Fino al tragico evento che segnerà la vita di Malala per sempre: il 9 ottobre 2012, sull’autobus scolastico, un uomo spara alla ragazza e ad alcune amiche. I talebani rivendicano il gesto accusando Malala non tanto per le sue battaglie a favore dell’istruzione, quanto per aver sposato e a loro dire glorificato lo stile di vita occidentale, elogiando per esempio il presidente degli Stati Uniti Barack Obama. Miracolosamente, la ragazza si salva nonostante la pallottola le abbia colpito la testa. Dopo uno lunga convalescenza nell’ospedale di Birmingham, Malala acquisirà sempre più fama e arriverà fino all’assemblea generale delle Nazioni Unite per tenere un discorso sui suoi ideali proprio il giorno del suo sedicesimo compleanno.
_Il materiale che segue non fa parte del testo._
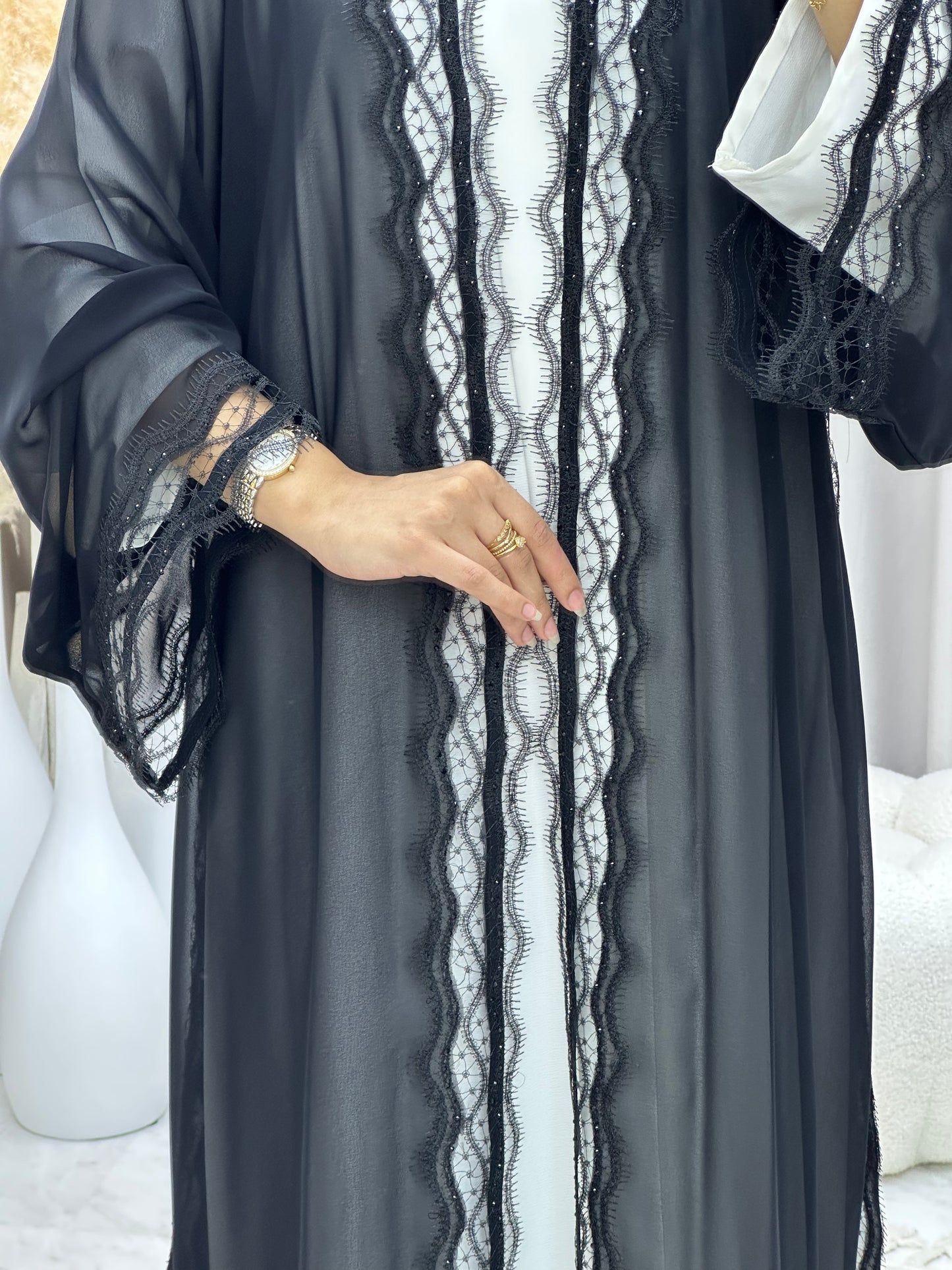 C 04533 Black Classic Lace Abaya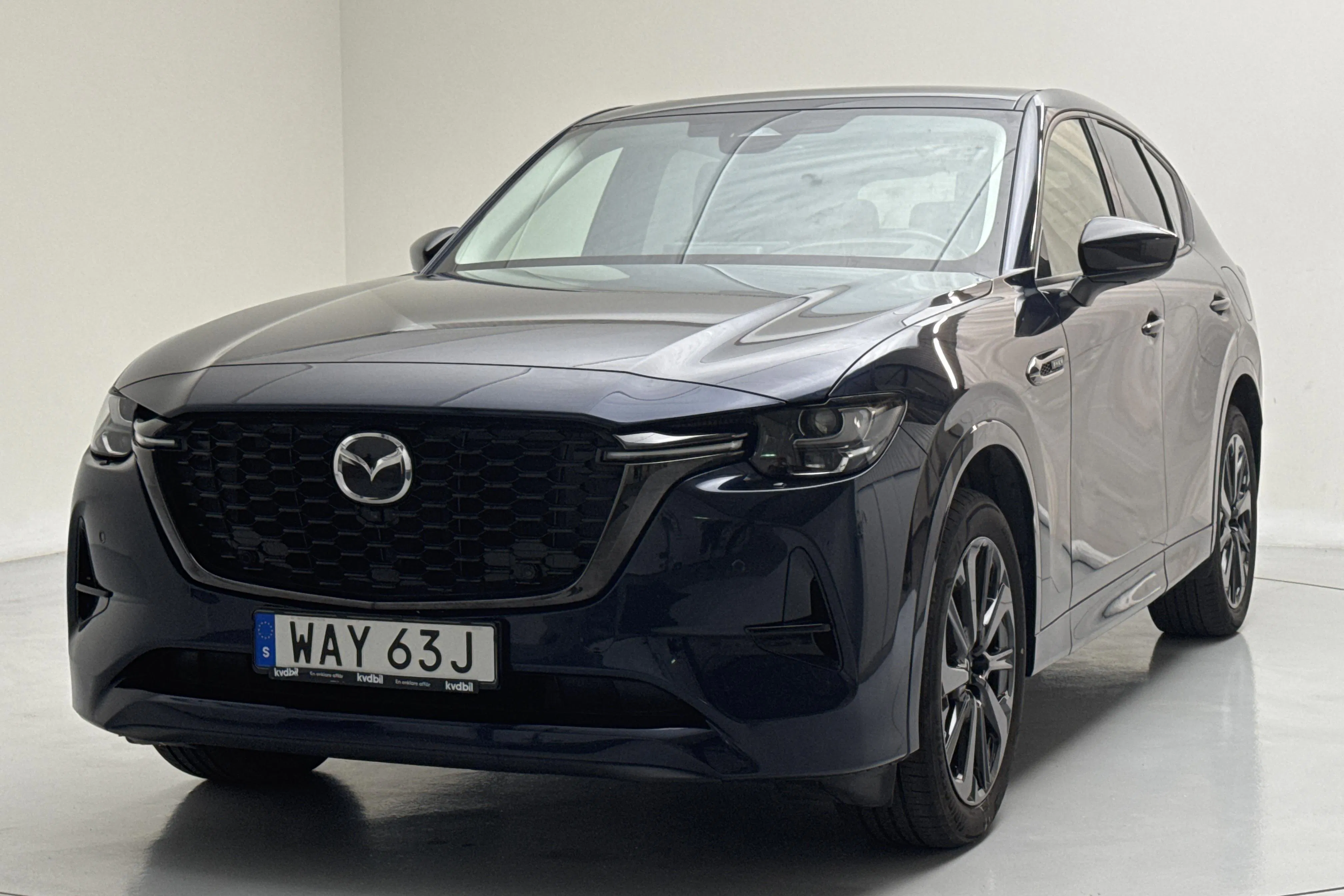 Presentation photo 1 of 21: Mazda CX-60 e-Skyactiv PHEV AWD (327hk) - 53 370 km - Automatic - blue - 2023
«Oggi tutti noi sappiamo che l’istruzione è uno dei nostri diritti inviolabili. E non solo in Occidente. Nel Corano è scritto che Dio vuole che noi abbiamo la conoscenza, vuole che sappiamo perché il cielo è blu e che impariamo a conoscere gli oceani e le stelle. So che si tratta di una battaglia molto dura: nel mondo ci sono ancora 57 milioni di bambini che non frequentano la scuola primaria, e di questi 32 milioni sono femmine. Ed è molto triste ricordare che proprio il mio paese, il Pakistan, è uno dei peggiori: 5,1 milioni di bambini che non vanno nemmeno alle elementari anche se la nostra Costituzione dice che tutti i bambini hanno il diritto di frequentare la scuola. Abbiamo quasi 50 milioni di adulti analfabeti, due terzi dei quali sono donne come mia madre […] Prendiamo in mano i nostri libri e le nostre penne. Sono le nostre armi più potenti. Un bambino, un insegnante, un libro e una penna possono cambiare il mondo».
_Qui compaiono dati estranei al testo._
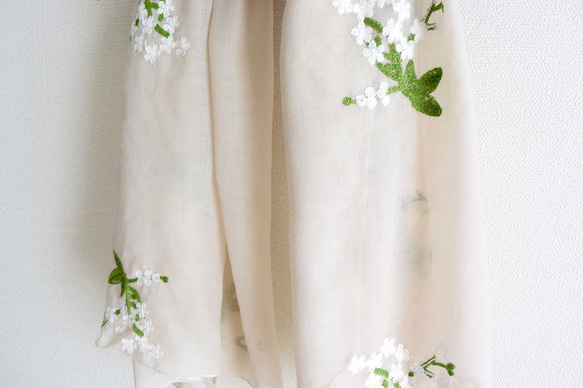 白いお花の刺繍入り ふんわり大判ガーゼストール ベージュ 3枚目の画像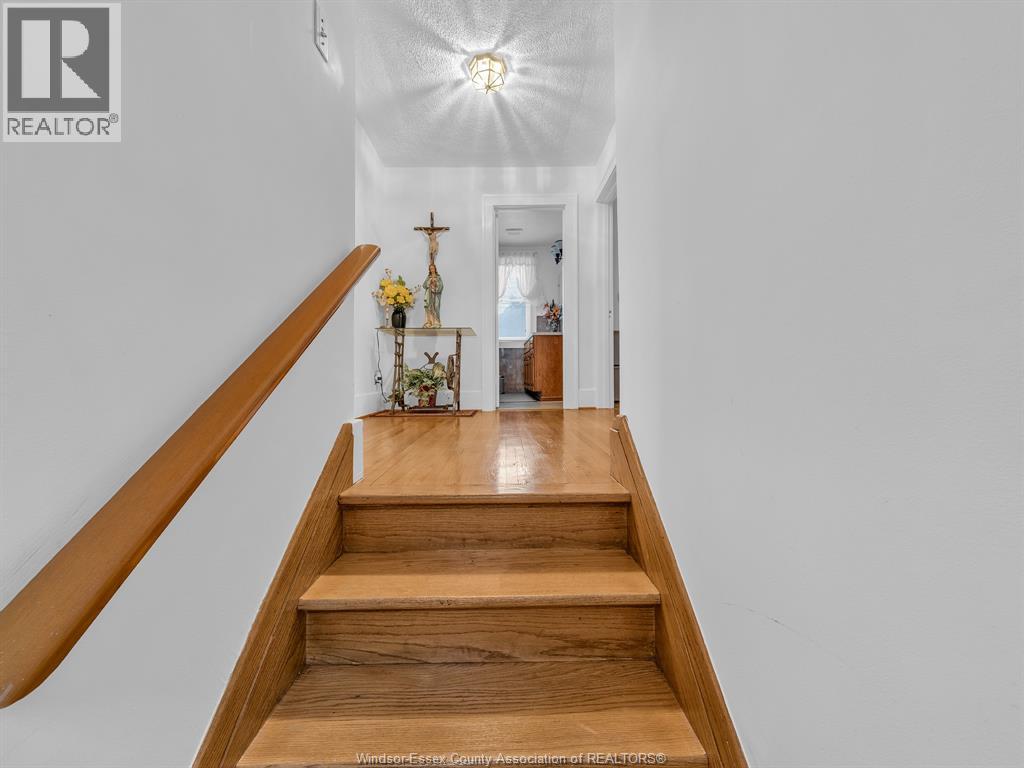 1863 PILLETTE ROAD - 18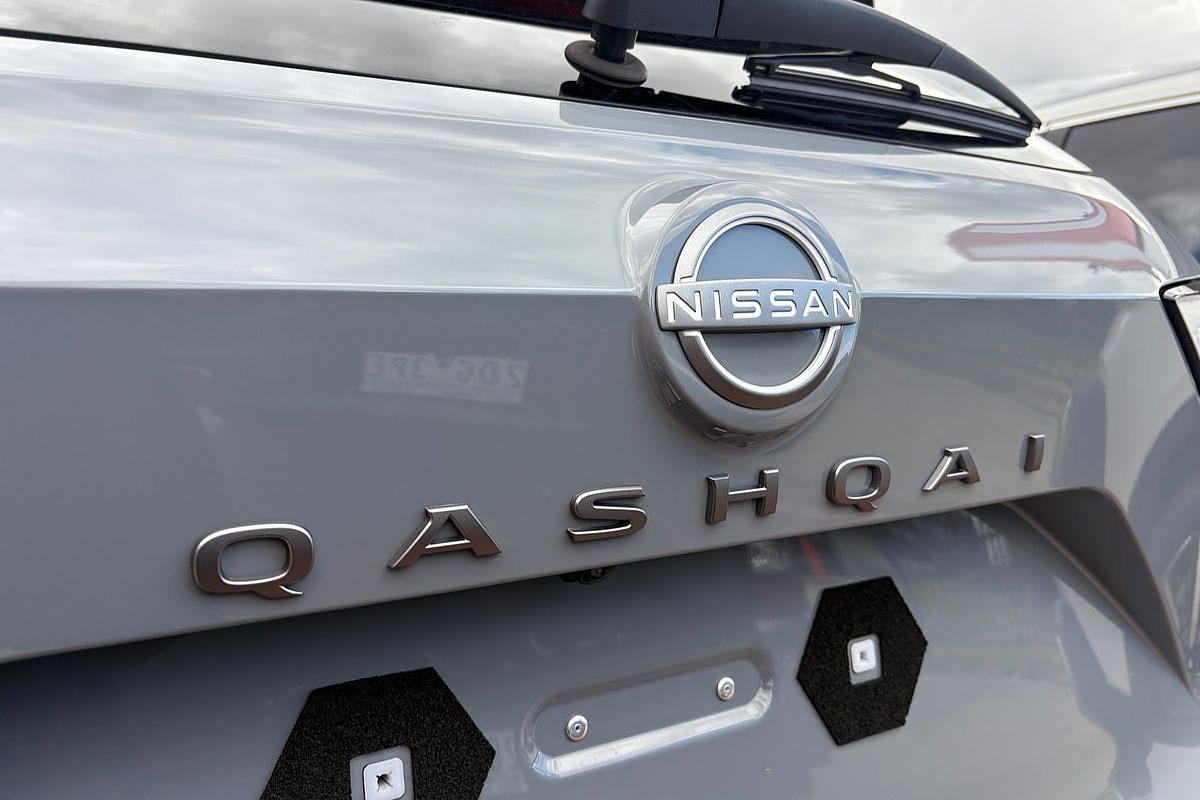 2025 Nissan QASHQAI Ti J12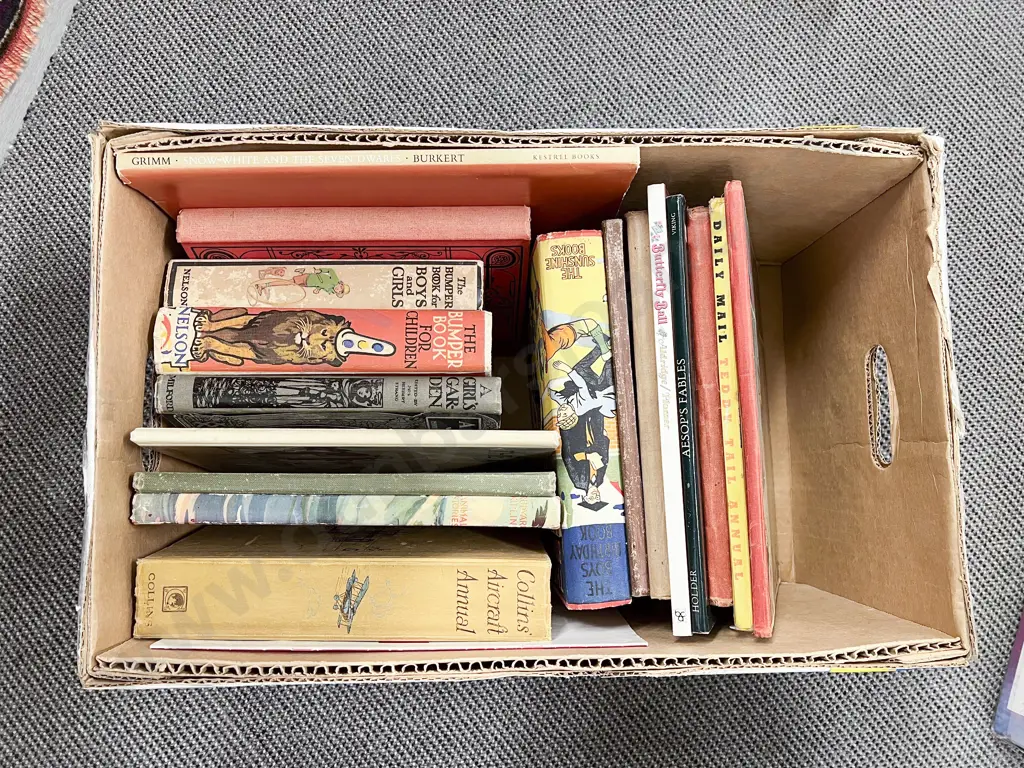 Box of Books incl Vintage Childrens Annuals etc Image 1++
Il romanzo di Malala – caratterizzato da uno stile a tratti adolescenziale, a tratti adulto, poetico e concreto al tempo stesso – fa pensare alle profonde similitudini e differenze che caratterizzano il mondo, fa riflettere su quanto un diritto che diamo a volte per scontato, quello all’istruzione, in realtà scontato non lo sarebbe affatto se fossimo nati, e soprattutto nate, in un paese o in un momento storico diverso. Tra Malala e una ragazzina occidentale non c’è alcuna differenza – lo mostra molto bene il romanzo raccontando i gusti adolescenziali dell’attivista pakistana, i suoi sogni e le sue abitudini – eppure non a tutti è concesso il privilegio dell’istruzione, della scuola, del piacere di leggere un libro.
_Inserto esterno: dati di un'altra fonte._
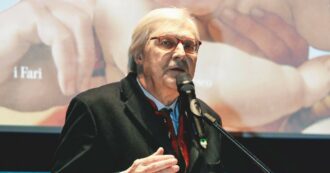 Copertina di Sgarbi fa campagna al Sud con FdI e No euro: “M5S fa voto di scambio”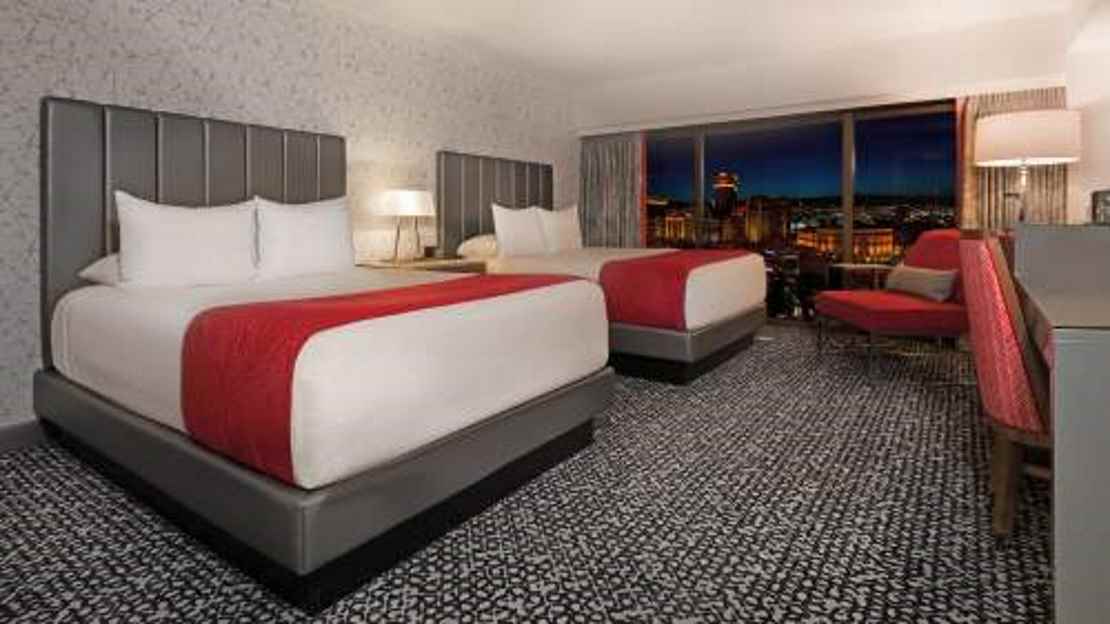 Flamingo Room 2 Queens and 2 Bunks 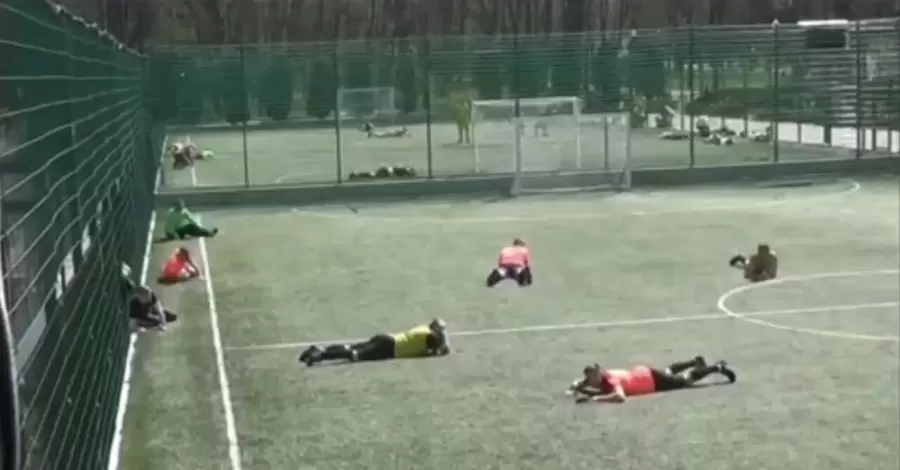 Малиновский показал видео, как в Харькове играют в футбол под обстрелами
Io sono Malala è un inno alla pace, è l’amore per la propria terra, è una preghiera di speranza e un’efficace rottura dei pregiudizi sul mondo musulmano osservandolo dall’interno, affezionandosi ai suoi (reali) personaggi ed empatizzando con un mondo che appare più vicino del previsto. Più di tutto, il romanzo è un elogio alla cultura come mezzo per ottenere la pace e la tolleranza partendo dai più giovani.